The records.
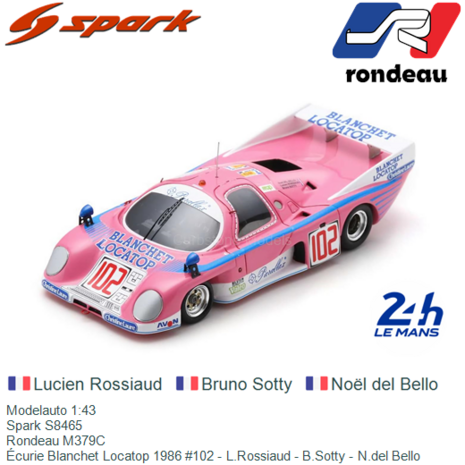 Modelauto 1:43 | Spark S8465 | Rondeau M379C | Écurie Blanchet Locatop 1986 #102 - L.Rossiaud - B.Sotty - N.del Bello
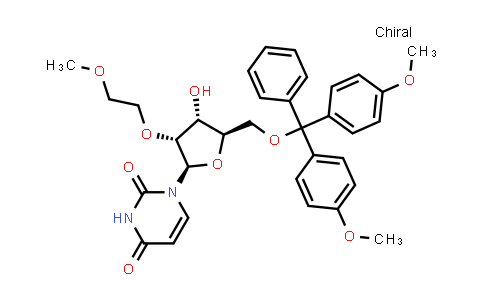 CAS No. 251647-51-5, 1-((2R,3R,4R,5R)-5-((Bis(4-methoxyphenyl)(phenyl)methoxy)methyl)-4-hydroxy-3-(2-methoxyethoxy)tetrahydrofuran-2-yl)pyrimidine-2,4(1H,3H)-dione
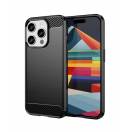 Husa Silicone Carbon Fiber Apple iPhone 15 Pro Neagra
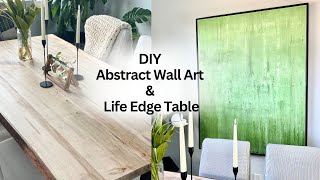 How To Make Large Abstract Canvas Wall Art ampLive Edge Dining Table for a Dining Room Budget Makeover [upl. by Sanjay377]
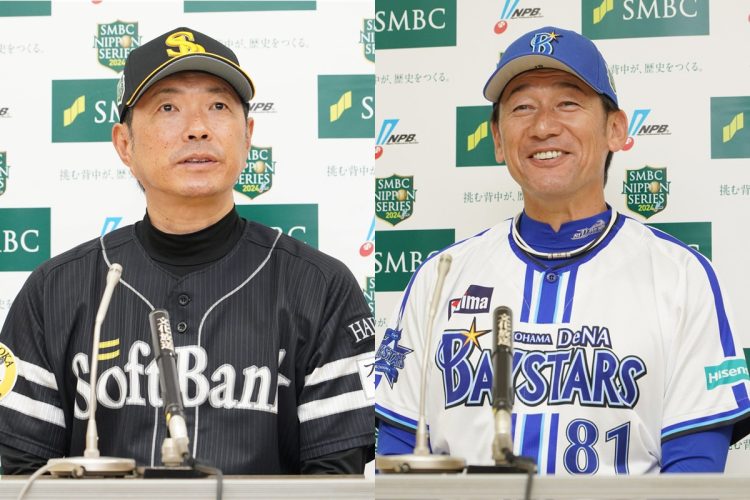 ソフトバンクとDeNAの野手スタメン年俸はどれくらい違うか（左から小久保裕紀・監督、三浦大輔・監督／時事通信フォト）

Task goal.
Print every entry above again, exactly as written. Leave the images out.

Response.
 Modelauto 1:43 | Spark S8465 | Rondeau M379C | Écurie Blanchet Locatop 1986 #102 - L.Rossiaud - B.Sotty - N.del Bello
 CAS No. 251647-51-5, 1-((2R,3R,4R,5R)-5-((Bis(4-methoxyphenyl)(phenyl)methoxy)methyl)-4-hydroxy-3-(2-methoxyethoxy)tetrahydrofuran-2-yl)pyrimidine-2,4(1H,3H)-dione
 Husa Silicone Carbon Fiber Apple iPhone 15 Pro Neagra
 How To Make Large Abstract Canvas Wall Art ampLive Edge Dining Table for a Dining Room Budget Makeover [upl. by Sanjay377]
 ソフトバンクとDeNAの野手スタメン年俸はどれくらい違うか（左から小久保裕紀・監督、三浦大輔・監督／時事通信フォト）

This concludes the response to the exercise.